You may have noticed that this command is very similar to the previous one, with the exception of a few additions and removals. Let’s take a quick look at what these new pieces mean:

-c:a libvorbis
Now that we’ll be encoding the full video, we’ll start encoding audio as well. This piece simply tells FFmpeg to use the ogg vorbis codec to encode our audio.

Tip: If you're not satisfied with the results from using the ogg vorbis codec, consider trying out the opus codec, simply switch "libvorbis" to "libopus." This guide recommends ogg vorbis as a more common encoding for audio, but feel free to experiment!

-b:a 192k
This is the audio equivalent to the “-b:v” call we looked at earlier. This is telling the program exactly how much space we’re allowing it to use for the audio each second. The number we’re using, 192000, is a good value to use for high-quality audio encoding of ogg vorbis, but if it’s a burden to the bitrate of your video, it may be a good idea to lower it an amount equal to how much higher you’d like to raise the video bitrate.

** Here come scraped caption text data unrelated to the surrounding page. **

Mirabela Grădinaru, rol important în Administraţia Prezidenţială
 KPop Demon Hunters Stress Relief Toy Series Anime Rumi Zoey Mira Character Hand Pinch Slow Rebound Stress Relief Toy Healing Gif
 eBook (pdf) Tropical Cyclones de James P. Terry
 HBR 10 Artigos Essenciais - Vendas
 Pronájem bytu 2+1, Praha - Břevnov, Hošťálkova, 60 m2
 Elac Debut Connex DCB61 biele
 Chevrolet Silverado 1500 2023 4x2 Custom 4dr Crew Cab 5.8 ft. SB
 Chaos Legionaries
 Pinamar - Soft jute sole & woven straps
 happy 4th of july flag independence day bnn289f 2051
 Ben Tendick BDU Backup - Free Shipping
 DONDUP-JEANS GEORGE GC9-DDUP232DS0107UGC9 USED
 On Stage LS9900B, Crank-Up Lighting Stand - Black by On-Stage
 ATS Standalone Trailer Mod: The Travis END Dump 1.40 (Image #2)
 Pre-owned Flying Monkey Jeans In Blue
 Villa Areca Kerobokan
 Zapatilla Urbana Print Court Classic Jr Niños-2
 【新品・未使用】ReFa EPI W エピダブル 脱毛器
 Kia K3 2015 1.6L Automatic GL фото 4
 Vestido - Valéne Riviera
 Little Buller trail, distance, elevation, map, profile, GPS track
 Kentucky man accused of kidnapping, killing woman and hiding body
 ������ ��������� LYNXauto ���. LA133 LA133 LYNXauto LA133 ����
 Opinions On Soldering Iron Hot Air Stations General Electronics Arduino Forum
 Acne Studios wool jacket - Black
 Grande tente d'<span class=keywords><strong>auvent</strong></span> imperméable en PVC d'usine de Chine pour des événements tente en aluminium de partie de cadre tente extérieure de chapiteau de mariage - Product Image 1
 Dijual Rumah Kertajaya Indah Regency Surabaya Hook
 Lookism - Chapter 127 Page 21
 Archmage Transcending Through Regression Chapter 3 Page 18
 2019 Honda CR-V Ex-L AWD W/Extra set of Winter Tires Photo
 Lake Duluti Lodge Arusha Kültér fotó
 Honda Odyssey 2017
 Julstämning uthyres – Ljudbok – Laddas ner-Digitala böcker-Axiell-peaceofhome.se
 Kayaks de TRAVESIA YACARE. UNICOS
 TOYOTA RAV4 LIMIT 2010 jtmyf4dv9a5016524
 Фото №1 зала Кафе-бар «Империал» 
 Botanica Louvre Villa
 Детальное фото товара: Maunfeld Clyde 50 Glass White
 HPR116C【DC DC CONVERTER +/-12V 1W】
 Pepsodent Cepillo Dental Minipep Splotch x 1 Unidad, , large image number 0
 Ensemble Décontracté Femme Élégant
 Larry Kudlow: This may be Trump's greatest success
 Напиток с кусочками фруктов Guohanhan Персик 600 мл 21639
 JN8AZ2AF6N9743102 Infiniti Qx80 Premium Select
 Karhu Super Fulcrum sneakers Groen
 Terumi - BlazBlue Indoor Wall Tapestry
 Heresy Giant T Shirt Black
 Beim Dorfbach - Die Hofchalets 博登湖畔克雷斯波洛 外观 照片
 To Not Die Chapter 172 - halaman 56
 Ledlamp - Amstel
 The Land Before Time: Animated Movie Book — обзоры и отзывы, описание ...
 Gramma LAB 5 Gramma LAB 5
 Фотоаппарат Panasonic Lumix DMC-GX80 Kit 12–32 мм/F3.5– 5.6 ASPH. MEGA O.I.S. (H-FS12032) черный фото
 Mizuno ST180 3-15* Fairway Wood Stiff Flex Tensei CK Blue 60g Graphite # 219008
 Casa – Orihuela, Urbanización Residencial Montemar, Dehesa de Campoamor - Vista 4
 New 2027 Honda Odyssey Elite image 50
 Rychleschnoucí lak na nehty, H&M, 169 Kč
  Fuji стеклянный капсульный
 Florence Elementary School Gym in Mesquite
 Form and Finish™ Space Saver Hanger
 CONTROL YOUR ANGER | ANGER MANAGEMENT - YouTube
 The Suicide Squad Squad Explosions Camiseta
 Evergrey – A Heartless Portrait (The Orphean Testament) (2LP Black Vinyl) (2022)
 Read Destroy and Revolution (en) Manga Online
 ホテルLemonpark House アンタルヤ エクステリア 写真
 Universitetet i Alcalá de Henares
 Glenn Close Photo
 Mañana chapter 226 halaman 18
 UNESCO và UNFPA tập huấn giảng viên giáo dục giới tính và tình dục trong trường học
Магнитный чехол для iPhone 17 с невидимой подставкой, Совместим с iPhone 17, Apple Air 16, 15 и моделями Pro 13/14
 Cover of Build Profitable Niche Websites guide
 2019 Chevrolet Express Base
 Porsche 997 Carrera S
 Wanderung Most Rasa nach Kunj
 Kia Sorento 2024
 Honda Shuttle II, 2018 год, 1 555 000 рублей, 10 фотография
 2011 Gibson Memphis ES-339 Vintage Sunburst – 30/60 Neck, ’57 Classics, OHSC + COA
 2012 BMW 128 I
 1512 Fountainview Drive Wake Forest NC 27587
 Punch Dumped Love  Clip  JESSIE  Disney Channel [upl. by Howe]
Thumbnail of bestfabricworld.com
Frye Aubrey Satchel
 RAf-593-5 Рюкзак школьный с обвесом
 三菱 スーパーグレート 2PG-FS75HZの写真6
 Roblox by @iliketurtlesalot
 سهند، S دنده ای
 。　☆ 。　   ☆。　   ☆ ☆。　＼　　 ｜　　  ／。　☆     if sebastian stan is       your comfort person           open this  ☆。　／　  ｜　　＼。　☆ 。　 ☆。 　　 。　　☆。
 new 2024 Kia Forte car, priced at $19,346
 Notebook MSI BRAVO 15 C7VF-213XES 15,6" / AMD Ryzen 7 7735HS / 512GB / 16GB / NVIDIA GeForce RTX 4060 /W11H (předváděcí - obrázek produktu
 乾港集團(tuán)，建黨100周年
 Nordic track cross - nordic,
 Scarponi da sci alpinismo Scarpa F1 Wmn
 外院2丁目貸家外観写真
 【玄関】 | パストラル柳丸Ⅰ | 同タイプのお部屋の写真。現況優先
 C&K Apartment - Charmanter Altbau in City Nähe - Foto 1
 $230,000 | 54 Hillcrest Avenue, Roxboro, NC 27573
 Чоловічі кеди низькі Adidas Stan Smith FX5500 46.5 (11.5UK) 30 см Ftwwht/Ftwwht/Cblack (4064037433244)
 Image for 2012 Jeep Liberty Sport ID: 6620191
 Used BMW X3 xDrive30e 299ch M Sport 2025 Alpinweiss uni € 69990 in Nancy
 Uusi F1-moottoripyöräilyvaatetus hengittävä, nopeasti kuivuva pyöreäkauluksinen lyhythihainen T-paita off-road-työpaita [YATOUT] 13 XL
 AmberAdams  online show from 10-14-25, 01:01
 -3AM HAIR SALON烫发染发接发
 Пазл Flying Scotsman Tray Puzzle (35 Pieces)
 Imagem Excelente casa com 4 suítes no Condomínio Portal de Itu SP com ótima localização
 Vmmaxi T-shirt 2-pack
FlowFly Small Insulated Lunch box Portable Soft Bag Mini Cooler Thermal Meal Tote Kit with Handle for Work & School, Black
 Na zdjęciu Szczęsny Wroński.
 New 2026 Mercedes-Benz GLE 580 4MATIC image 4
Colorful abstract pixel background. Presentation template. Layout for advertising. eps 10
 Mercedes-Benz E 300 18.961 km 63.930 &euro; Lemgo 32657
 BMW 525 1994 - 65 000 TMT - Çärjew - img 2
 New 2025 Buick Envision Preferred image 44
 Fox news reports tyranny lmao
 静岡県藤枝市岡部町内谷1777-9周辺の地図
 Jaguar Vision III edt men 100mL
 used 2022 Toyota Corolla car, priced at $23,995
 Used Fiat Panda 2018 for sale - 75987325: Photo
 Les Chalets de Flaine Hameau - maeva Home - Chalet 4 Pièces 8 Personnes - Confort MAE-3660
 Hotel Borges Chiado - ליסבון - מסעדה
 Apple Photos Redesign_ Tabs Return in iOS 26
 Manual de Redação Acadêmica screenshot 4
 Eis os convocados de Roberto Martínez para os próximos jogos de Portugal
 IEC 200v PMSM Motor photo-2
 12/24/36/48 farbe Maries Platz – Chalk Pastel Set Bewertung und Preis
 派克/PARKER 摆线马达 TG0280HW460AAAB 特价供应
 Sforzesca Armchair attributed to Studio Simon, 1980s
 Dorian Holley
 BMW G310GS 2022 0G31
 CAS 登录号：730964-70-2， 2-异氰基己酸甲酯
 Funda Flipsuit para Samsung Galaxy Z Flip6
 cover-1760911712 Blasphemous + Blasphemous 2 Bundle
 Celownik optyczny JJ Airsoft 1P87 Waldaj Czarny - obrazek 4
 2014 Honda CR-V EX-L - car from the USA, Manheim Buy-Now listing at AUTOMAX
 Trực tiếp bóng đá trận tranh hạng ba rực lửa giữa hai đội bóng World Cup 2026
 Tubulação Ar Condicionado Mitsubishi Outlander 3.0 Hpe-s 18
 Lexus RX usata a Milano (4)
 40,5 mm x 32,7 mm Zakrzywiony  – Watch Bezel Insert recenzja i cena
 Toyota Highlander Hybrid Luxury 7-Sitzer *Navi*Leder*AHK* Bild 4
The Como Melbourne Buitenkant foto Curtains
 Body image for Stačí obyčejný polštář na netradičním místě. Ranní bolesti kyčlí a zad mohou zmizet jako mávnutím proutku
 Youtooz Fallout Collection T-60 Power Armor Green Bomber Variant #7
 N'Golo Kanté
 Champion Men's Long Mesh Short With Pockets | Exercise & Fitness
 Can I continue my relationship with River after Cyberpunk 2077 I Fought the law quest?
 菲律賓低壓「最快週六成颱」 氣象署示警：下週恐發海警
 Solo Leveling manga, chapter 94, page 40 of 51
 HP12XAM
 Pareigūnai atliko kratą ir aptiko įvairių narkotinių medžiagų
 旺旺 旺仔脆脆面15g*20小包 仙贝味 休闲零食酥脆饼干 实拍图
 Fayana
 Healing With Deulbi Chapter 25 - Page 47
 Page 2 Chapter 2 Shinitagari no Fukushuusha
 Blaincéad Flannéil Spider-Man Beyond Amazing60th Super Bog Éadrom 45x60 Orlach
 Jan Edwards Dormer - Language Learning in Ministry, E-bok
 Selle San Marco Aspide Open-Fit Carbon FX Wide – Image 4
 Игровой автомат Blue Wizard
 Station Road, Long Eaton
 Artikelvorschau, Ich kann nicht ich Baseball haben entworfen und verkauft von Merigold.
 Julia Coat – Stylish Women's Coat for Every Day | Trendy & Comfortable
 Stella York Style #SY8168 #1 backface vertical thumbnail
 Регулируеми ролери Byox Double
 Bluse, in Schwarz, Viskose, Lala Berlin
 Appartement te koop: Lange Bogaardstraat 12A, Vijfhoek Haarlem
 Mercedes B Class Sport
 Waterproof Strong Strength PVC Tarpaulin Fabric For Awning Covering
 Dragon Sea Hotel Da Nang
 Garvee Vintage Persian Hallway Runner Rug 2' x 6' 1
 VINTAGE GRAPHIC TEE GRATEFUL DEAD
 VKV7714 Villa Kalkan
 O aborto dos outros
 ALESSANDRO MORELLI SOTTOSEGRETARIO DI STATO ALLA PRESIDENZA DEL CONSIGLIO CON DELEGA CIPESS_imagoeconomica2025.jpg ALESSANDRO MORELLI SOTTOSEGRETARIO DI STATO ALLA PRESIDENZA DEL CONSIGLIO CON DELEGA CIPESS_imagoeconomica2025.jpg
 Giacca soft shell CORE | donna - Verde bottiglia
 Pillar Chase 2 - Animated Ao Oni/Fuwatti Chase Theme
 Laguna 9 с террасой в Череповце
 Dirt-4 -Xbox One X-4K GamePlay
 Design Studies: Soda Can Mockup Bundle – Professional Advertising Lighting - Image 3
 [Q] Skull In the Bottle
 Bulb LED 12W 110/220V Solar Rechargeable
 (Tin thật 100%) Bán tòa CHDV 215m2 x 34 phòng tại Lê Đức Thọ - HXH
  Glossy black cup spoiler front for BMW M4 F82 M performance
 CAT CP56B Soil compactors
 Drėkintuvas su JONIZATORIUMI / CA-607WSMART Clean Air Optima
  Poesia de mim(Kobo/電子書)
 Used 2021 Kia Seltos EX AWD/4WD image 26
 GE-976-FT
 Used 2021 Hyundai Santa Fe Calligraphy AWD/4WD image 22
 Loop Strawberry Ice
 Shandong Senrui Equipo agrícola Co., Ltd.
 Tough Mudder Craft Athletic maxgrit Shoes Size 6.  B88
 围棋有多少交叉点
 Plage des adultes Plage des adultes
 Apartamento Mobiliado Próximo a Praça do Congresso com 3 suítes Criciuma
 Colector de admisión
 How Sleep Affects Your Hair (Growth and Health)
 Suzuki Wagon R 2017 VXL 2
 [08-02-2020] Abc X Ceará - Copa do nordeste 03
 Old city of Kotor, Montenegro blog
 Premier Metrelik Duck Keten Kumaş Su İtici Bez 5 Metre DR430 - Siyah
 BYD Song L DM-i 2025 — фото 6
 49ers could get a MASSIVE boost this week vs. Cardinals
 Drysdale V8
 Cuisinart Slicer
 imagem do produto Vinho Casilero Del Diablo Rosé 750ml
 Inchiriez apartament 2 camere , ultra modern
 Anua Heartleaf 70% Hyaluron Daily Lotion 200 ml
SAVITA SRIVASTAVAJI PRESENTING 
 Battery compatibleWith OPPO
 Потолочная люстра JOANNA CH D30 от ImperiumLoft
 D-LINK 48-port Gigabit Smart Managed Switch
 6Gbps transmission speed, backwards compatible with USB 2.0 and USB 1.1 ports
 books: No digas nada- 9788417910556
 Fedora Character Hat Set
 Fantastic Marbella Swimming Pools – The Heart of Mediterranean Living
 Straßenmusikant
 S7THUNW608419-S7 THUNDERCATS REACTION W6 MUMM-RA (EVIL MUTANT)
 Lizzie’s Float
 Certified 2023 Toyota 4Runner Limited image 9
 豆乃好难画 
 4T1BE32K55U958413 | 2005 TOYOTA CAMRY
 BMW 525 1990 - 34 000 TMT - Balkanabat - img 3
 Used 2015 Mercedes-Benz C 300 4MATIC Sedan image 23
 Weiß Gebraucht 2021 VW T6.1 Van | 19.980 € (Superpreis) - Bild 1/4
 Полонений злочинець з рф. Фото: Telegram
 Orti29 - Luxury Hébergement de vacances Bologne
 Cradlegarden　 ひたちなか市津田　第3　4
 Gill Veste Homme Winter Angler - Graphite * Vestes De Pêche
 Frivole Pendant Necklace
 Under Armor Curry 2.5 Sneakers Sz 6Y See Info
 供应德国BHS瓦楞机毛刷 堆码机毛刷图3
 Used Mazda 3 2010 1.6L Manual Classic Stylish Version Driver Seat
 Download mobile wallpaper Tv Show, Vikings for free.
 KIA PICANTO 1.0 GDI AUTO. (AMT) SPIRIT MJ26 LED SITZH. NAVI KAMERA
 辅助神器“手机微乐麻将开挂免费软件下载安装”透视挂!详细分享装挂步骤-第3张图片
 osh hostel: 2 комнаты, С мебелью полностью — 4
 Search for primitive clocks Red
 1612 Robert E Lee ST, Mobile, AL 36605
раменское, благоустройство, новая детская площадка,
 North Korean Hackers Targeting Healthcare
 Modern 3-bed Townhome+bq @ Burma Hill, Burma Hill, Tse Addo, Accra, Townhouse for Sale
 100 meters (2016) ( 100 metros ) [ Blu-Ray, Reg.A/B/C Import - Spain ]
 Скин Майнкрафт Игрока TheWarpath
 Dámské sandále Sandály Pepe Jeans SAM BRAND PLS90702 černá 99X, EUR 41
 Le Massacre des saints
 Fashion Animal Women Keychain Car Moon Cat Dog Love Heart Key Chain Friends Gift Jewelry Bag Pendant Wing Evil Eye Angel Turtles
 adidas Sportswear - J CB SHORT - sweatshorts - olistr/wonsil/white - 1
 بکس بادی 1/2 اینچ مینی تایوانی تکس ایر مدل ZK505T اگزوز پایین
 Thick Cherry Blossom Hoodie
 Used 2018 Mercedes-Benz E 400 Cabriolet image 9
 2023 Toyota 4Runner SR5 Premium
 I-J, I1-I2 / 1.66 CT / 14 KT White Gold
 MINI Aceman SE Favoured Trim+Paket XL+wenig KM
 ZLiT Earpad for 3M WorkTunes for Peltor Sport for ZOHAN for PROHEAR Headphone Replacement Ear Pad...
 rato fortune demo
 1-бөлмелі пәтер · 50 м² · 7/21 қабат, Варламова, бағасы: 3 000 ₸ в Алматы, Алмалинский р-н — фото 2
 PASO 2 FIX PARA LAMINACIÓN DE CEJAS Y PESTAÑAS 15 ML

-af “volume=[max volume]:precision=double”
This is where the audio equalization of step 3 comes in. This portion declares how high we want the volume to be on average in the video, a number we base on the data we collected in step 2. By the time the video is finished, this will ensure that all audio channels are at suitable levels so that the overall volume is consistent.

-y [output.filename]
Since we now want a finished product, we want to go ahead and tell FFmpeg the name of the file we want to output to. Be aware that FFmpeg WILL be sure to let you know if you're attempting to overwrite a file, so there's no worry of accidentally deleting other content. Make sure to give it a .webm extension!

Additionally, we have also modified the –pass call to equal –pass 2 for this iteration, signifying we want to use the data gathered from the previous pass in our encoding.

Once this new command is set, hit enter and let it work for the final time. Be prepared, as this encoding pass will almost certainly take longer than the previous one.

Once this is finished, you should have a finished WebM suitable to your needs, now ready to be published, hosted, shared, or what have you.